Source material:
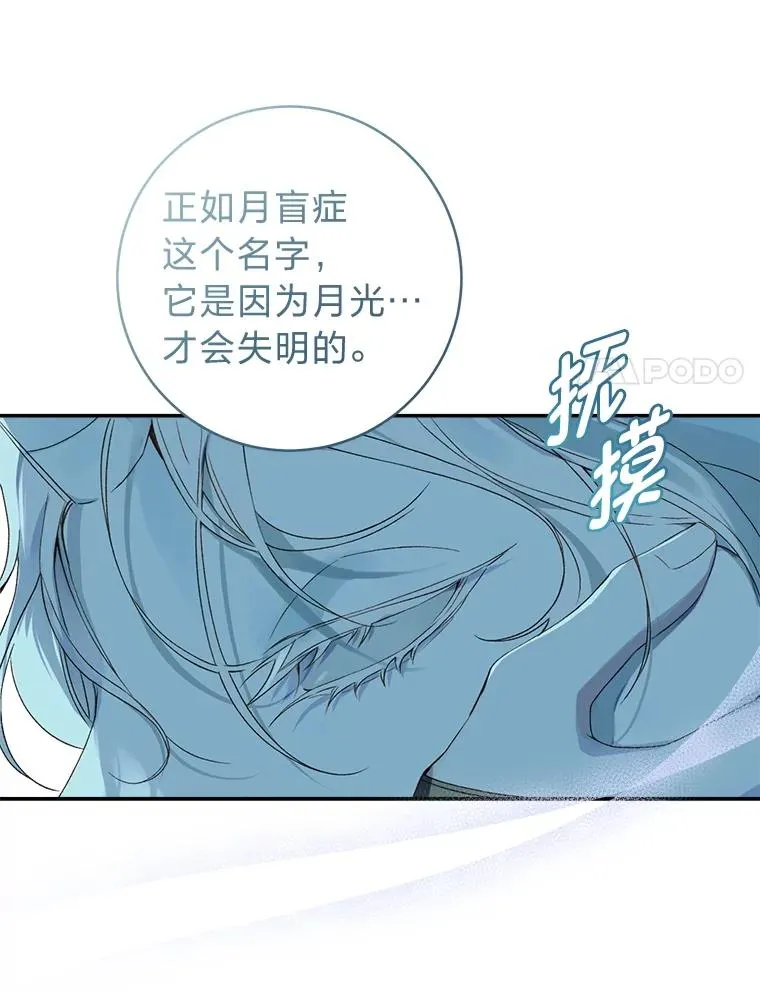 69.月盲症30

--

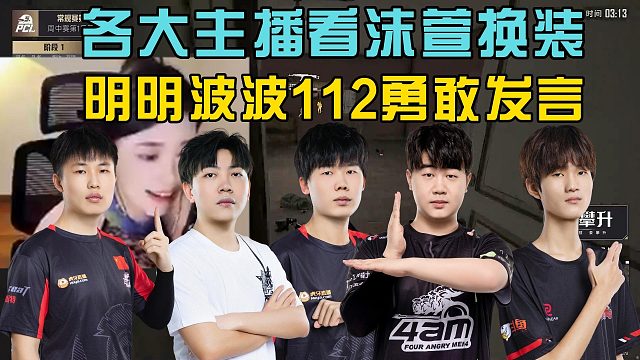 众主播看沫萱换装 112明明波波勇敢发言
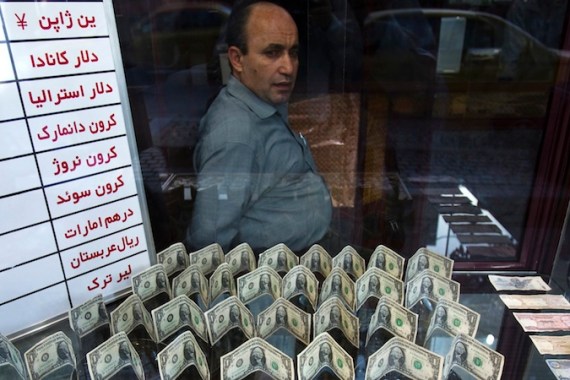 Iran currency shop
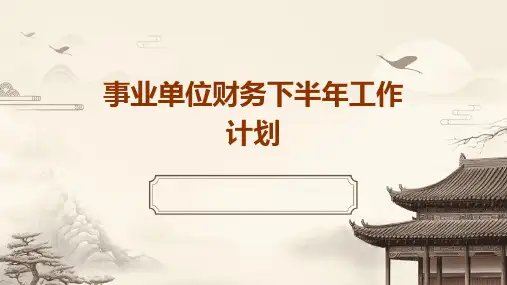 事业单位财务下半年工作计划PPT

---

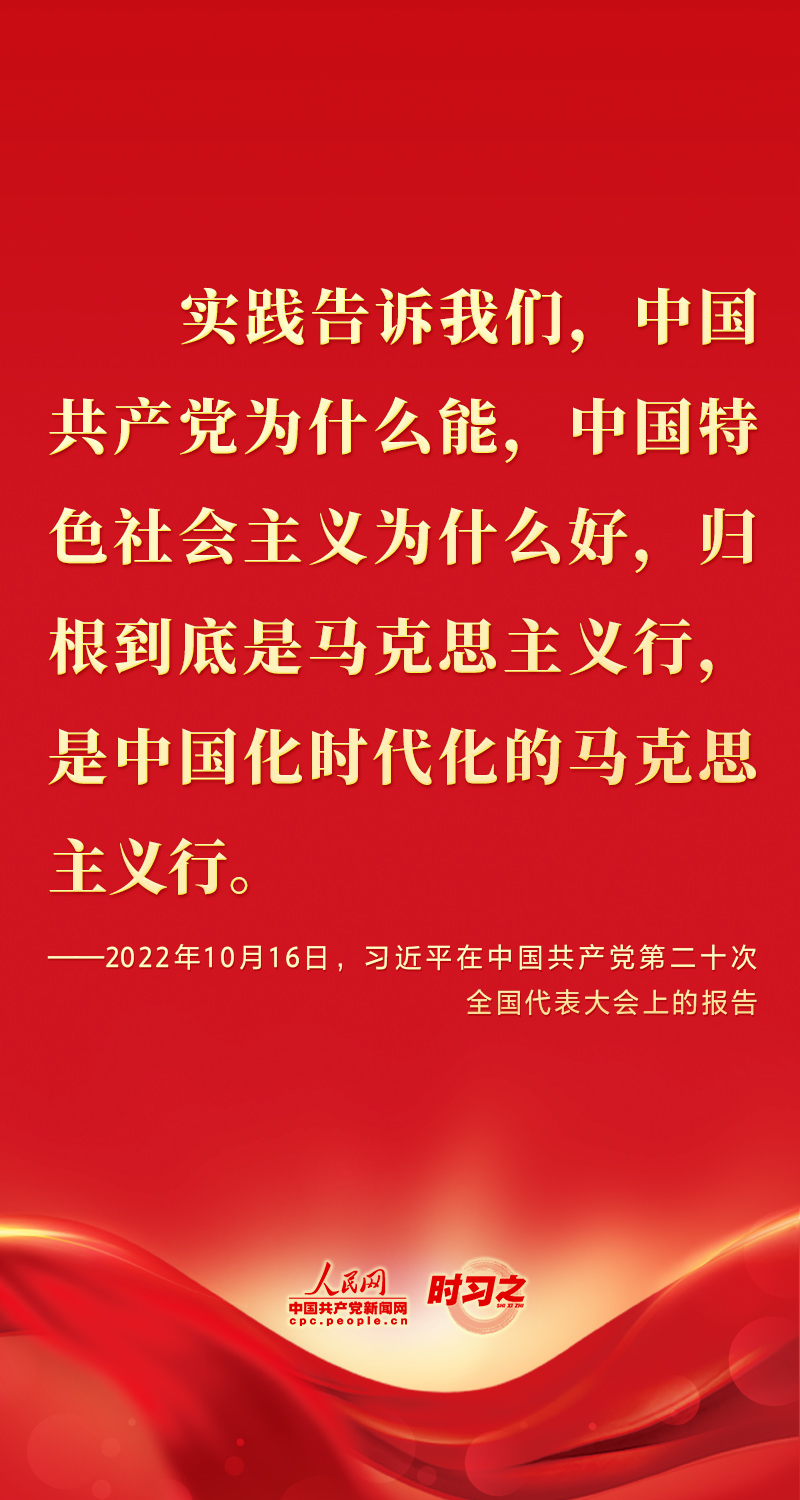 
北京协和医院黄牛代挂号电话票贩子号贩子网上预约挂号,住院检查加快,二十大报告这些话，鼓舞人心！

What is expected: Your output should be the lines above from the one that contains "众主播看沫萱换装 112明明波波勇敢发言" through the one that contains "事业单位财务下半年工作计划PPT", word for word, with pictures left out.

Exercise answer:
 众主播看沫萱换装 112明明波波勇敢发言
 Iran currency shop
 事业单位财务下半年工作计划PPT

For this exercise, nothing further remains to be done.